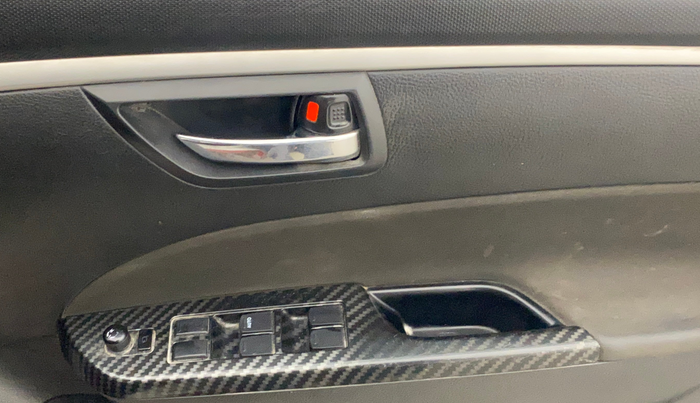 2016 Maruti Swift VDI, Diesel, Manual, 89,132 km, Driver Side Door Panels Control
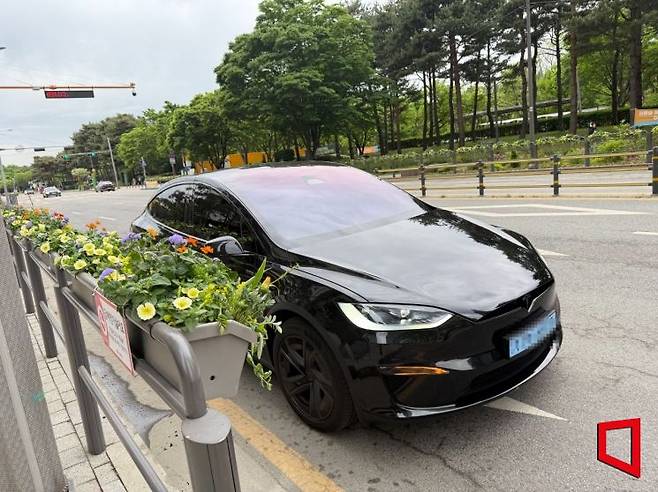 쏘카구독으로 제공되는 테슬라 모델 X. 이명환 기자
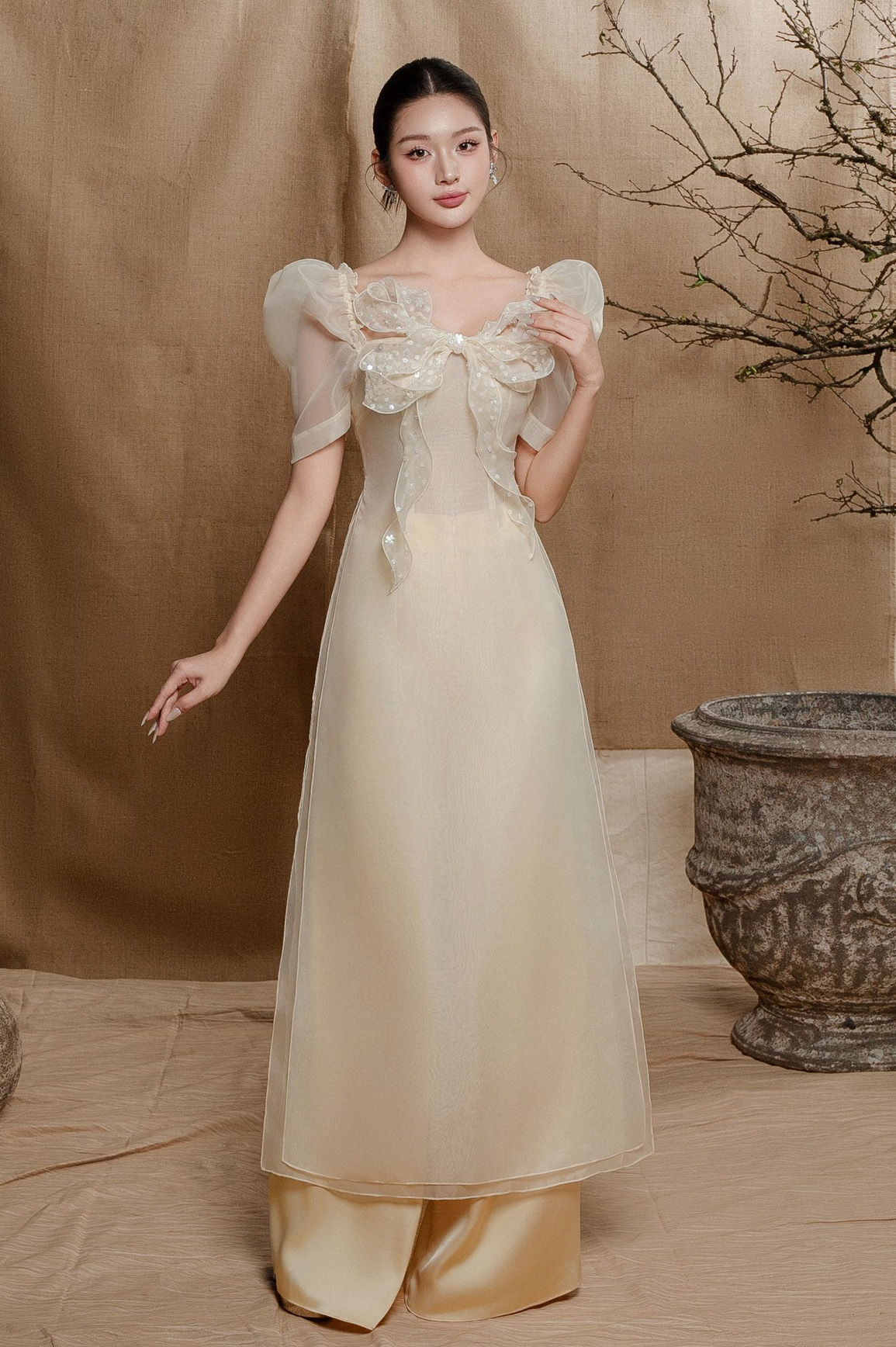 Sametové květinové ao dai a krajkové ao dai jsou vrcholem stylu Tet - Foto 9. Áo dài nhung hoa, áo dài ren là điểm nhấn cho phong cách mùa tết- Ảnh 9.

▶ [Work to complete]
Take the lines from the one that contains "쏘카구독으로 제공되는 테슬라 모델 X. 이명환 기자" down to the last line of the listing above, both included, and set them down exactly, leaving out pictures.

▶ [Task answer]
 쏘카구독으로 제공되는 테슬라 모델 X. 이명환 기자
 Sametové květinové ao dai a krajkové ao dai jsou vrcholem stylu Tet - Foto 9. Áo dài nhung hoa, áo dài ren là điểm nhấn cho phong cách mùa tết- Ảnh 9.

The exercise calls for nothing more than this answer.